Posts Tagged ‘Documents’

Learning from the Tumblelog

Posted in Technology on March 9th, 2008 by darcusb – Comments Off

As I’ve been looking into revamping and expanding my personal website, I’ve been interested in the Tumblelog. A traditional weblog essentially has one main object: the post. A post is typically a chunk of (typically) text content, with an author, a title, and so forth. A blog is thus a collection of posts, ordered by date.

A Tumblelog breaks out of the single object box. In addition to the post, depending on implementation you can also have links, people, places, photos, music, and quotes. That content can in turn be assembled from other sources: Delicious feeds, Flickr photo sets, etc.

From this perspective, then, a Tumblelog allows one to weave together a range of different kinds of content. So the date-ordered list can include different kinds of objects, but also these objects can be weaved together even within, say, a post.

So what lessons might this have for a scholar? What ideas might I steal from the Tumblelog, and how might I extend them?

I’d say the general approach goes really far. I think I would probably just get a little more generic. For example, a post and an article have little that distinguishes them, except the view. A draft manuscript isn’t conceptually any different than a draft blog post (unless you wanted to model sections). Notes are really just informal content, but still not really fundamentally different.
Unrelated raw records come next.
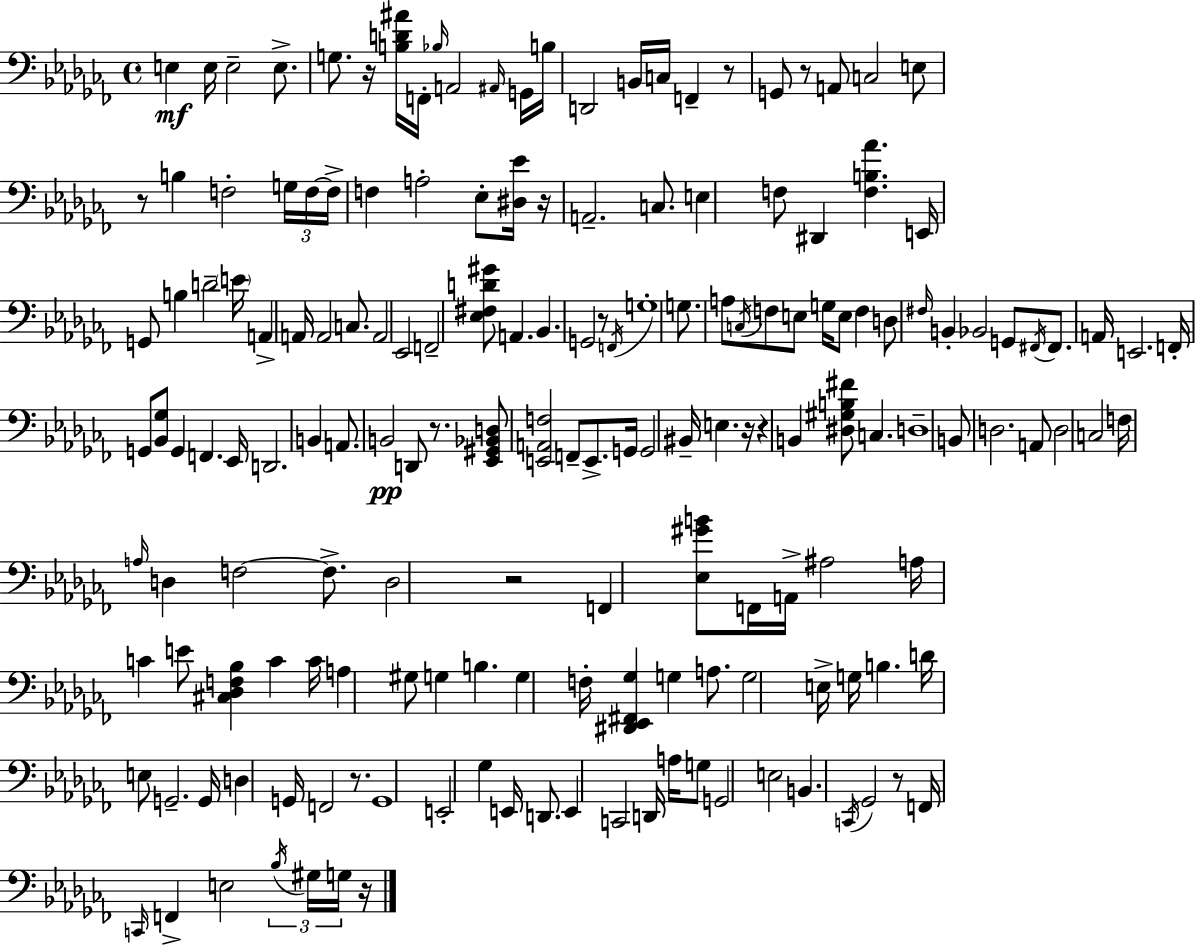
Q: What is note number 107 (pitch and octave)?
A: G#3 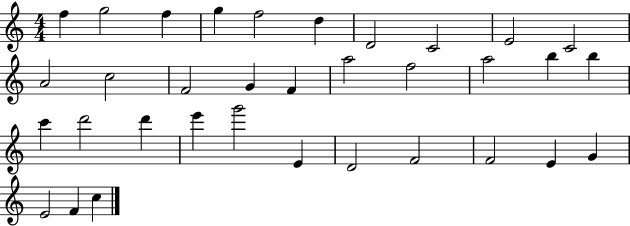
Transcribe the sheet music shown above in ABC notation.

X:1
T:Untitled
M:4/4
L:1/4
K:C
f g2 f g f2 d D2 C2 E2 C2 A2 c2 F2 G F a2 f2 a2 b b c' d'2 d' e' g'2 E D2 F2 F2 E G E2 F c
Citations might be thought of as just a special kind of link.

So in the ideal CMS I am imagining, it would weave together links and associated metadata from Delicious and Zotero 2.0*, images from Flickr, and have a project view that allows me to group content and publications.

But what about the details? How to implement this?

In the world of Django, the approach seems to be to have different models for the different content, and then use a generic relation model to be easily able to weave together the content. So, separate classes/tables, for links, photos, quotes and so forth. This approach seems to work well for Jeff Croft, Wilson Miner, and Nathan Borror.

I have to say, though, that after dealing a lot with RDF, a relational database feels a little claustrophobic: having to define an entire model upfront, and to worry about the consequences of changes later. And while I love the automatic Django admin interface, I’m starting to wonder if it’s really worth all the hassle. For a personal site, it’s not like I’m creating and managing that much structured data.

On the other hand, the (currently PHP-based but soon to include Ruby) Chypr project takes a more generic approach, where there is essentially a single object again, but this can be extended. This makes sense, since projects like Chyrp are designed as both dedicated tools, but also to be easily extended with plug-ins.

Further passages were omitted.